Normally we first measure the sub with the mains removed to check its response and then equalize or move the sub around to get the best result. Then we add the mains (as you've done) to see the interaction around the crossover region. Any dips at the frequencies you've mentioned are a mains problem and we don't generally equalize that area. You can try repositioning the mains to help with their responses.

brucek


----------



## Guest (Feb 28, 2007)

i know u can't equalize stuff from the main... i'm just wandering about things like acoustic panels , bass traps... i don't think i plan on EQing the sub other then with the ARO that came with it i was just getting some opionions.... on the results of the graphs and the interactions between the sub and mains...


----------



## Wayne A. Pflughaupt (Apr 13, 2006)

Acoustic panels are for taming upper-frequency reflections and therefore won’t do anything for subwoofer response. Depending on your room you may not need them at all. If you have a carpeted floor, over-stuffed furniture, draperies and the like, you probably don’t need any. However, if you have a hard floor they can certainly be beneficial.

Bass traps are to the low frequencies that acoustic panels are to the highs – they absorb reflections and reduce low frequency decay in the room (also called [for some inexplicable reason] “ringing”). REW has a “waterfall” setting that will show your bass decay. Traps would improve what you’d see with the waterfall graph. As a result, your bass should sound much tighter. However, traps generally can’t deal with ultra-low frequencies. 

Traps can reduce response depressions, but are deficient when it comes to eliminating most peaks. Here are some examples from Ethan Winer’s legendary Real Traps Vs.

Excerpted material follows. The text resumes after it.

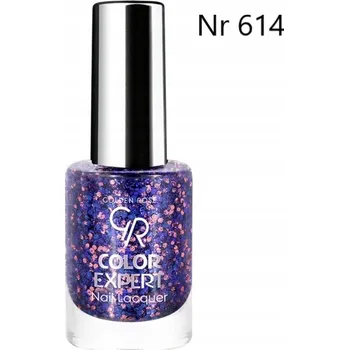 Lak na nehty Lak na nehty Golden Rose 614 10,2 ml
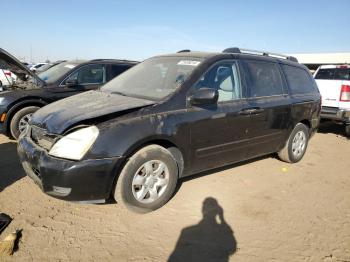  Salvage Kia Sedona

Equalizer showdown:


*No Traps or Equalization*










*17 Mondo Traps With No EQ*










*EQ Only*










We can see that the traps did reduce the peaks and dips some. Overall, it would be realistic to say that equalization blew away the traps. However, look at what happens when we add the time domain:


*No Traps or Equalization*










*17 Mondo Traps With No EQ*










*EQ Only*










As you can see, the traps practically brick-walled decay – above 50 Hz at least. Equalization not only smoothed response, but appeared to reduce the decay as well. However, that’s just a side effect of the worst peaks being reduced by 10 dB or more. Once you turn the sub back up to compensate, the decay at the peaks be the same as it was before equalizing.

Here are a couple of charts with both EQ and traps:






















As you can easily see, traps with equalization gets you the best of both worlds – reduced decay (above 50 Hz), and smoother response.

It should be noted that there were some conspicuous problems with this showdown, so take these charts as “general information” only. 

The traps used weren’t optimal for the lowest frequencies. 

And the equalizer was _very_ poorly utilized, in my opinion. They took readings at 28 different locations, but only applied a single set of EQ filters. In other words, the EQ wasn’t tailored specifically to these charts. Additionally, very poor equalizing technique was employed. You’re seeing the results of _twelve_ filters in the EQ graphs, and as you can see it still looks pretty bad. Nine of the filters were 1/24-octave or _even less!_  A few others were only 1/12-octave. Ultra-narrow filters like that are seldom called for, and certainly not as the overwhelming majority of filters needed. Additionally, a few filters were erroneously applied (read "wasted") out of range of the chart. All in all, it’s miraculous the EQ graphs show any improvement at all.

In other words, proper equalizing and trapping should yield better results for both response-smoothing and decay than you see here (at least if you can accomodate countless traps).

And perhaps most egregious, no subjective listening evaluations were performed. :huh: 

Regards,
Wayne


----------



## Wayne A. Pflughaupt (Apr 13, 2006)

Well, the second graph looks the best. Notice that re-doing the graph shows the 160 Hz null is actually too narrow to worry about. 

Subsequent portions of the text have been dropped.